My team is growing. I’ve got a virtual team now of three people in addition to myself
spread all over the world and as my team has grown, I’ve found that I’m getting stretched
to my limit communication-wise because each one of my team members likes to use a different
tool for communications. One of them loves to communicate with me on Facebook messenger.
Another loves to communicate with me in Skype Messenger, the instant messaging side of Skype.
One uses email. Actually, they all use email fairly well but the bottom line was that I
was getting stretched into all of these different places and beginning to lose cycles, beginning
to lose the amount of time to find something and I was worrying that I was going to miss
something important because I wasn’t looking in the right place for something that was
relevant. Along at the perfect time comes Slack in my
life. It’s been around for a little while and teams are really discovering that it works
for them. It’s this new phenomenon of a different type of information overload which
I’m calling, for lack of a better term, fractured communications, the fact we’re
using all of these different channels to communicate with and we can get lost between the channels.
Information can get lost and things can get off the rails. Slack gives us a unified communication
interface that allows us to all work in the same space and they make it worthwhile because
they give us a whole bunch of benefits if we commit to communicating in Slack itself.
You want to have a quick look? I think you should stick around because we’re looking
at Slack today on DottoTech. I have to apologize for the bit of a long
intro but Slack is a tool that takes a little bit of time to get your head around. Now I
mentioned to you the reason that I really like Slack and why Slack is working so well
for me. It allows me to bring together into one place all of the people who I need to
communicate with on my team and flow all of our communications into the one space. There’s
a mobile app which I’ll show you in just a few moments but right now I’m in the desktop
app. There’s also a web-based app that you can use so Slack allows you to access your
account from any tool that you happen to be on, be it your smartphone, your computer or
even using web access from somebody else’s system.
Now Slack divides itself into kind of two broad areas. The first area is your teams.
Now teams could be companies, they could be departments or they could be project-based.
The second thing we have are the channels. Channels allow us to be more granular with
information so we might have a marketing team for our company. Within that marketing team,
we might have an events channel, a promotions channel, channels set at that level or it
could be more granular and we could have a channel set for a single event. We’re going
to Social Media Marketing World; here are all of the details and here’s all of the
conversation around that. Into each channels comes all of the different
accounts and the individuals can join into channels, which means they’ll be flagged
in the conversations in the channels. You can also direct message back and forth and
communicate at any point with all of your team members, which is the main way that you’re
going to be using Slack for the most part. It works like another instant messengering
application at that point. Now people always ask well, how is this different from email
or other instant messengers? It’s different than email because it’s very instant and
it’s very team-based so your information is not getting lost in the big email and there
isn’t as big a barrier to entry as far as opening your email, downloading your email,
opening it and then replying. It’s much instant messenger-y.
It’s not going to be for everybody. It doesn’t replace email completely. It reduces the amount
of email you do because most of your external communication with clients and prospecting,
those sorts of things are still going to go through email but with your team, your team
should have far fewer emails and you should have no more of those CYA emails where people
are copying you back and forth and you’ve got a huge email nested thread to read through
in order to find the relevant information. Slack completely eliminates that productivity
vampire. That alone probably makes it worth it for some of you to embrace Slack.
But it does more than that. It also gives us one place to store common files. It’ll
allow us to integrate with tools like Google Drive and Dropbox but it also has its own
file management and file storage system. In the free version, you get up to 5 GB of space
per team so you’ve got quite a bit of space that you can store files. But you can also
integrate other corporate tools or other tools like Dropbox if you choose to so it’s really
how you decide to set up your own system. Communication happens just as you’d expect.
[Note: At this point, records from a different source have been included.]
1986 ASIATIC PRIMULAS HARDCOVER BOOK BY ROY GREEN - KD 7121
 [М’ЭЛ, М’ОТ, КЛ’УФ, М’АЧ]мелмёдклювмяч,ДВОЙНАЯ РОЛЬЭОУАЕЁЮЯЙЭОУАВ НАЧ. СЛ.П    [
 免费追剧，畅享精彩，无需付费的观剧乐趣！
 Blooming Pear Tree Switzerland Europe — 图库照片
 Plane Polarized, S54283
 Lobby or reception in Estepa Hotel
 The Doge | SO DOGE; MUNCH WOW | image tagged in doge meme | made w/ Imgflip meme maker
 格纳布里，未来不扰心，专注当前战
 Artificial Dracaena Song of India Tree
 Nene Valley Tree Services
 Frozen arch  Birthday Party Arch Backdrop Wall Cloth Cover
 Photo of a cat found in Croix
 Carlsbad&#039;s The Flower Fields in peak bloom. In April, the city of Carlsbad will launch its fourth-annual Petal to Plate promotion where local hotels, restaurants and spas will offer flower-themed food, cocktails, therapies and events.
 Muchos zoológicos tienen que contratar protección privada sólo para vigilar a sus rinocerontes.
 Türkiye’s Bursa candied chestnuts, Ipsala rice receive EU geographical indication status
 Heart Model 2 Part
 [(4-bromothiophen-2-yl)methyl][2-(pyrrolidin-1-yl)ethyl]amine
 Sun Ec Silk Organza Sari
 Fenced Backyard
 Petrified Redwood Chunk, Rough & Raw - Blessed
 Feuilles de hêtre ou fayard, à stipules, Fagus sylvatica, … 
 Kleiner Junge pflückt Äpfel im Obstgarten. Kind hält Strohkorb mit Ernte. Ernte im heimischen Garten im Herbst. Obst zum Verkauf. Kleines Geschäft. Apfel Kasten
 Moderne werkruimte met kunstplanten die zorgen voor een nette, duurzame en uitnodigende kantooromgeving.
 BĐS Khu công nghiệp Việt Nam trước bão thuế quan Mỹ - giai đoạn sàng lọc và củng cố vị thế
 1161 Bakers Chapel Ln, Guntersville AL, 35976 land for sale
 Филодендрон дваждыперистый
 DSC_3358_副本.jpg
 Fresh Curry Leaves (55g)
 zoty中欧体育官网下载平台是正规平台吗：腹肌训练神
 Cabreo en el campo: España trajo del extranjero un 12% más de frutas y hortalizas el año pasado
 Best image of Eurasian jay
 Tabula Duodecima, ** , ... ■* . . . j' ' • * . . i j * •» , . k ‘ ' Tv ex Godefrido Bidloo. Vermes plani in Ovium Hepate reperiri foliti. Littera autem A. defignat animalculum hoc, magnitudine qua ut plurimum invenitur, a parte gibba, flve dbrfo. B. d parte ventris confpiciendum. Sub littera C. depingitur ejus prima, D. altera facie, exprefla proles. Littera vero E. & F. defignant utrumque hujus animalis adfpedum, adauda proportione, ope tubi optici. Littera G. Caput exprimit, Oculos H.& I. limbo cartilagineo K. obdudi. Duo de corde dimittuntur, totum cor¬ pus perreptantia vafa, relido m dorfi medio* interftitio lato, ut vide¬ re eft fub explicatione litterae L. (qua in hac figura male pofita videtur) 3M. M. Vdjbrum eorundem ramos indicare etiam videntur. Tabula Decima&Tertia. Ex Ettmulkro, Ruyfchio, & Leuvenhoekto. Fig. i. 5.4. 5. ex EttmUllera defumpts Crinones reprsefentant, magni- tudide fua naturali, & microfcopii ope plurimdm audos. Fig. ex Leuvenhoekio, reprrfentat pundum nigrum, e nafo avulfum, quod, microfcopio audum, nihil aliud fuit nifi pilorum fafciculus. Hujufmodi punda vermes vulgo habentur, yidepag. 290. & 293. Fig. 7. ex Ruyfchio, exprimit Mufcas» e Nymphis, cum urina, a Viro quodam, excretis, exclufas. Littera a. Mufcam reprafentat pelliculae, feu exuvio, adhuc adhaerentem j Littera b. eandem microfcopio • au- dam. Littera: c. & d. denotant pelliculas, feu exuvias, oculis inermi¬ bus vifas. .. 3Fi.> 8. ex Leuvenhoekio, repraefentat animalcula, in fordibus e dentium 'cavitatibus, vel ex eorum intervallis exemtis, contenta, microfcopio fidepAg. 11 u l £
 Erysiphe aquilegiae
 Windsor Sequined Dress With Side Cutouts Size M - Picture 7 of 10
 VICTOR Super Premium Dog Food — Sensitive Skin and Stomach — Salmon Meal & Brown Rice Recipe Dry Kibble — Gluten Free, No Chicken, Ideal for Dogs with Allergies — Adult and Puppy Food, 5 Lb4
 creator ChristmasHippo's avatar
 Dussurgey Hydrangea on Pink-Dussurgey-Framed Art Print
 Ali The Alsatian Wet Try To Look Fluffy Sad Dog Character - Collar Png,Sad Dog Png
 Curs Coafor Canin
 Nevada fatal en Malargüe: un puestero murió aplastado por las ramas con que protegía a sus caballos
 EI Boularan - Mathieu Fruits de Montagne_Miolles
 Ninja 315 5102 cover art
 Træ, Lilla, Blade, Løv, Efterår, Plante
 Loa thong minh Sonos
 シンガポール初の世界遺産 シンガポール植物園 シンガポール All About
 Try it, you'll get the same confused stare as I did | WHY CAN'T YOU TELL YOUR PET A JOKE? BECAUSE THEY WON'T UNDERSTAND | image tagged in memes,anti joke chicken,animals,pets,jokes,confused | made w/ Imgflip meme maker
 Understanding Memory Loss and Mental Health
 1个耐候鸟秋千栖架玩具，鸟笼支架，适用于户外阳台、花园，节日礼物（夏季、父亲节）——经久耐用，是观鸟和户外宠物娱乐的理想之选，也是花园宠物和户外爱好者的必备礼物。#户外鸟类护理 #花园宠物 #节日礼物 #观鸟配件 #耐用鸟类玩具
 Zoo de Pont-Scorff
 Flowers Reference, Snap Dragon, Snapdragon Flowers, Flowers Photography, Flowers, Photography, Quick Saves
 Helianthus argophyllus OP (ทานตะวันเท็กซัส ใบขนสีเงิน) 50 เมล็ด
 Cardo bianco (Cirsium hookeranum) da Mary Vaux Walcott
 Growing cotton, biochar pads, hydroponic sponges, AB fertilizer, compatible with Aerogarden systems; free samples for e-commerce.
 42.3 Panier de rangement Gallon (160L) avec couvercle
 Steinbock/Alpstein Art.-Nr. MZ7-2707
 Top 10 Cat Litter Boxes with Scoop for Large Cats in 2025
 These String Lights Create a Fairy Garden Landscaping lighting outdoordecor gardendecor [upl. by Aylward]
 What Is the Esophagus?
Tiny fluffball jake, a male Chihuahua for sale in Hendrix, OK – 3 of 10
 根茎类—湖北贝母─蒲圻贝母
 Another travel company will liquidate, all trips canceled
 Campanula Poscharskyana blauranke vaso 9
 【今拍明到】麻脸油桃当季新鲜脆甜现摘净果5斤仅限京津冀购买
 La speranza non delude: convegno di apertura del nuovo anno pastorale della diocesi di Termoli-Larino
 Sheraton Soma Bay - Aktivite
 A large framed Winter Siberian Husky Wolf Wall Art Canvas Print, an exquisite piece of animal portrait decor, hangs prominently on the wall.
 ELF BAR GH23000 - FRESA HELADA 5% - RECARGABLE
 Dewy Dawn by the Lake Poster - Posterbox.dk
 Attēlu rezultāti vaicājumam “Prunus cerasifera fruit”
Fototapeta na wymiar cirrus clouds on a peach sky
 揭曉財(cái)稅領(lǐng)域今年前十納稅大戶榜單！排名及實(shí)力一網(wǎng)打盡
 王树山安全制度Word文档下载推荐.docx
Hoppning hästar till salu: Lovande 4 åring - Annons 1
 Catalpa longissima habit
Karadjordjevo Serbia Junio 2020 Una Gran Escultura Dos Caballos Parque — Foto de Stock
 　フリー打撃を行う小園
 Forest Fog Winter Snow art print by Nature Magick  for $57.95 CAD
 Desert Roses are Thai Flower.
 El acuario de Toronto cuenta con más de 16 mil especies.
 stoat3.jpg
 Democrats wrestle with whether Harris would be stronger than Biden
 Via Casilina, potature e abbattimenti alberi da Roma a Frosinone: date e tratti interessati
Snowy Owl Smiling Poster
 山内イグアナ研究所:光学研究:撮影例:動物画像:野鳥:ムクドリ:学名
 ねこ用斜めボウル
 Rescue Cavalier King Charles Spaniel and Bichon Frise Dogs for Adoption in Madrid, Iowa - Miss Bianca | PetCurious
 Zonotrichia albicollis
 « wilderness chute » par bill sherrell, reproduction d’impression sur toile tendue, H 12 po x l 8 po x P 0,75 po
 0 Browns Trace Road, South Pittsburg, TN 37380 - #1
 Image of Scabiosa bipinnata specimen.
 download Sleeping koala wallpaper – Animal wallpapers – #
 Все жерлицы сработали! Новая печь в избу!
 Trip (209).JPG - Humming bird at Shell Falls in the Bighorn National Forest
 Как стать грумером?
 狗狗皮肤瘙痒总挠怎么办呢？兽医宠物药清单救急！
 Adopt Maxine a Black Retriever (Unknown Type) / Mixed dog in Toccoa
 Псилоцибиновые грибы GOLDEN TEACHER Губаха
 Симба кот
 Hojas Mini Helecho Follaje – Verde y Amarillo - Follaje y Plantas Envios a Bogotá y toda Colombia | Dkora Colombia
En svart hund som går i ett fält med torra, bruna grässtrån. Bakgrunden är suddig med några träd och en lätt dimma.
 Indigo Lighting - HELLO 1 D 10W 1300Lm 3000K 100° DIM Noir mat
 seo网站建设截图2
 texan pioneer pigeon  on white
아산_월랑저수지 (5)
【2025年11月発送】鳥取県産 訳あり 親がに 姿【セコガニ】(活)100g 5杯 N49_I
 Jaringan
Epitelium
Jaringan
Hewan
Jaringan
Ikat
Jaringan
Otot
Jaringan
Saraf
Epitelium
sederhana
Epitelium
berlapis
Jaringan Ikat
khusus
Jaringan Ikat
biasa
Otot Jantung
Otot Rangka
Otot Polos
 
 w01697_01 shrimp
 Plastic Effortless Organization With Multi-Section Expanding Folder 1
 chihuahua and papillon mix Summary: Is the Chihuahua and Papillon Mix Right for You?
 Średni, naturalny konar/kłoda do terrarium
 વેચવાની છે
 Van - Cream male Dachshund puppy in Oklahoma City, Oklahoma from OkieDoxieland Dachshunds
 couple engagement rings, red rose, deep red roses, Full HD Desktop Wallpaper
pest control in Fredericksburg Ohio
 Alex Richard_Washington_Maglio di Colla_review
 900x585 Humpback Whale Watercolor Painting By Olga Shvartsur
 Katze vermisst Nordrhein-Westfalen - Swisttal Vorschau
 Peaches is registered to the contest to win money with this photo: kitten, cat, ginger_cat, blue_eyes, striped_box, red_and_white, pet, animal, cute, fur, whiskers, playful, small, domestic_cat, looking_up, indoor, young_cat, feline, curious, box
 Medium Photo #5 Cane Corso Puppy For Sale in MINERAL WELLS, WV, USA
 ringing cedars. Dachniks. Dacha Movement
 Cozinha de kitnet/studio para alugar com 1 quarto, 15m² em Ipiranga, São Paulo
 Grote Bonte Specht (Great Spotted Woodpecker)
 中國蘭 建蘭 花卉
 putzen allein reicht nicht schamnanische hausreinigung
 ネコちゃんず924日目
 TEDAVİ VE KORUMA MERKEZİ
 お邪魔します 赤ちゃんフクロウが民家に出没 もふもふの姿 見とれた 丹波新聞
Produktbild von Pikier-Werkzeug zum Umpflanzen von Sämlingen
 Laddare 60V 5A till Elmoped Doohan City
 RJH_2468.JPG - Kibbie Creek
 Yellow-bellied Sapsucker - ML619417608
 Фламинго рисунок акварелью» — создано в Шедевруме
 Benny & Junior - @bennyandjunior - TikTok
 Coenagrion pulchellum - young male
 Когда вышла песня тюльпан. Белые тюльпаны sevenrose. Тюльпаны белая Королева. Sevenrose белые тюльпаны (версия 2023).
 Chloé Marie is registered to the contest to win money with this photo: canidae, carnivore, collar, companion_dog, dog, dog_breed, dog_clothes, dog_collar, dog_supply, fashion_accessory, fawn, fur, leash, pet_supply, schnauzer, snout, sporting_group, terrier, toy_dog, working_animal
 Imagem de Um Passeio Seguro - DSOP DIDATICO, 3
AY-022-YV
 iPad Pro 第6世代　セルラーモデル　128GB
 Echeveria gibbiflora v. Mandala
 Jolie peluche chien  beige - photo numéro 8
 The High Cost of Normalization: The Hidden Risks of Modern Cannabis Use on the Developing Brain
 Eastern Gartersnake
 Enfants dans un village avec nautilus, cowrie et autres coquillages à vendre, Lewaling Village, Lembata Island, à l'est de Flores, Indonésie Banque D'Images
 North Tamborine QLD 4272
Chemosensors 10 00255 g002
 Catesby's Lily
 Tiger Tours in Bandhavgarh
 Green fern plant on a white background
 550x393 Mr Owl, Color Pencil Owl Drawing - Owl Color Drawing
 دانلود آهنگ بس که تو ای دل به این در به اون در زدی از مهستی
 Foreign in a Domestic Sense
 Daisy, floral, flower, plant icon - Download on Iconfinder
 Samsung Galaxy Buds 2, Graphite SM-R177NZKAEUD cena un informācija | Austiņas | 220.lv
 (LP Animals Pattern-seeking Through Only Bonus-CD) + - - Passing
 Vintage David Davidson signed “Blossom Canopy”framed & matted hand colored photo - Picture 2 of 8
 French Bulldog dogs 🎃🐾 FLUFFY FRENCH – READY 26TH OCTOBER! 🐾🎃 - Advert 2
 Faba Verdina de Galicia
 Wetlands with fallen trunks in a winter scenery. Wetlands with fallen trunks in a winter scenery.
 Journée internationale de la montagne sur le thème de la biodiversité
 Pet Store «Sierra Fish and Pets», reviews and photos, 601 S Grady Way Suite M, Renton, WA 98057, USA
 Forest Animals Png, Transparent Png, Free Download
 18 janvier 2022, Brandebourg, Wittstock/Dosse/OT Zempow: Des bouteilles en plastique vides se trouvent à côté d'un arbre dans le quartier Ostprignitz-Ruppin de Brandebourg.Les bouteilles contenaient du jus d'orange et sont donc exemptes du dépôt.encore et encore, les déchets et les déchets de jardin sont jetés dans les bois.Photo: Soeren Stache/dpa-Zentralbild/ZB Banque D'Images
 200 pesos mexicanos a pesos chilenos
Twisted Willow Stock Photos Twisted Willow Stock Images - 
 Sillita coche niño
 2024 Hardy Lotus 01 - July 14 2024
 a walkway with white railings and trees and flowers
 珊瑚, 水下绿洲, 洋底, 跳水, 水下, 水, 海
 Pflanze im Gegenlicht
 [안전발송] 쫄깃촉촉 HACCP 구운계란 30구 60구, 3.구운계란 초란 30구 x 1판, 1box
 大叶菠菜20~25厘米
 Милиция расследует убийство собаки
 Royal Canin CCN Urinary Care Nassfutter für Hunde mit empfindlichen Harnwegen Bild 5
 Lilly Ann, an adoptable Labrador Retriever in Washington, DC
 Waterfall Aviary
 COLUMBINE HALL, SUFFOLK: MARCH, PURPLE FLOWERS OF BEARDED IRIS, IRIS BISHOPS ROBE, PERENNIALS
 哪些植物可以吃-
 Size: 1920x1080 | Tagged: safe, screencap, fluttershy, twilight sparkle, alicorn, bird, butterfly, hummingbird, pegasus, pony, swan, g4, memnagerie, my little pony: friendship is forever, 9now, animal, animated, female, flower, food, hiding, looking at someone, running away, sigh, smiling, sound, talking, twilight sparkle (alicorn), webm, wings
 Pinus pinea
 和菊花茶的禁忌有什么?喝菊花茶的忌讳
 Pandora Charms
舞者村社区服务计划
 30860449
You can send information back and forth to people, saying hey, how it’s going all through
the instant messenger app site. You could have nice communication going back and forth,
all threaded and tagged together. If you’re communicating in channels, everybody within
that channel will get the notification. You can also set up private groups. If you’ve
just been working on a small little thing or you want a private management group that’s
slightly separate, you can set them up as well. So it’s very flexible as far as how
you set it up. The way that you enroll different team members
and enroll people in Slack is you just invite them in. Send them an invite, they get it
by email then they sign up and then they’re brought in. the App itself is free and most
people I know are still using the free version of the app. Where you start to have to pay
is when your message archive that you want to be able to search is larger than 10,000
messages or when you need more of that 5 GB space per team for storage. There are a variety
of different entry points that you can go to the paid version.
I mentioned that 10,000 message limit. That’s one of the real strengths of Slack, the ability
to be able to search back on messages at any time. Far faster and far more efficient than
finding information in email or anything except, the possible exception in my mind, of Evernote.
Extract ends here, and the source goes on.